In this uncertain world, as the holidays approach, one day will happily remain the same. Each of us will have our own special childhood Christmas memories. No matter how old we may be or how far away from home we may have roamed, there will still be a small part of us that longs to return to those happy days. For Southerners, I think, food can be the best way to recapture childhood Christmases. As for me, even after having lived in California for so many years, Christmas does not feel like Christmas until I've received my first tin of pecans from South Alabama, and then my Southern whiskey cake from Birmingham (baked by my friend Mrs. Norma Warren), and my jars of green pepper jelly and fig preserves. Then, last but not least, my own homemade Southern ambrosia salad. I suppose the real reason Southerners still love and crave the foods of those long-ago childhood Christmases is family tradition: something handed down from people we love, something handed down from people we miss. For us, food is a touchstone, a way to remember who we are and where we came from. I'd like to share my special childhood Christmas memory with you.

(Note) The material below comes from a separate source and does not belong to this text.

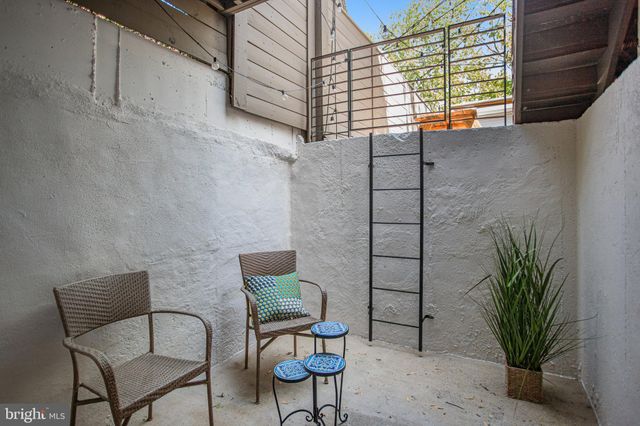 a view of a chairs and bench in the terrace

The year was 1952. At the time, I was a rather lonely and shy 9-year-old only child being raised in an apartment building in the large, iron-coal-and-steel city of Birmingham. My father was a motion picture machine operator at one of the big movie houses downtown. This meant that throughout my childhood, he always worked on Christmas. And as my mother wasn't a cook, the holiday dinner for me came to mean the two of us going downtown to a restaurant and spending it with a roomful of strangers. I tell you this so you will understand why that Christmas of 1952 stands out in my memory as the best one ever.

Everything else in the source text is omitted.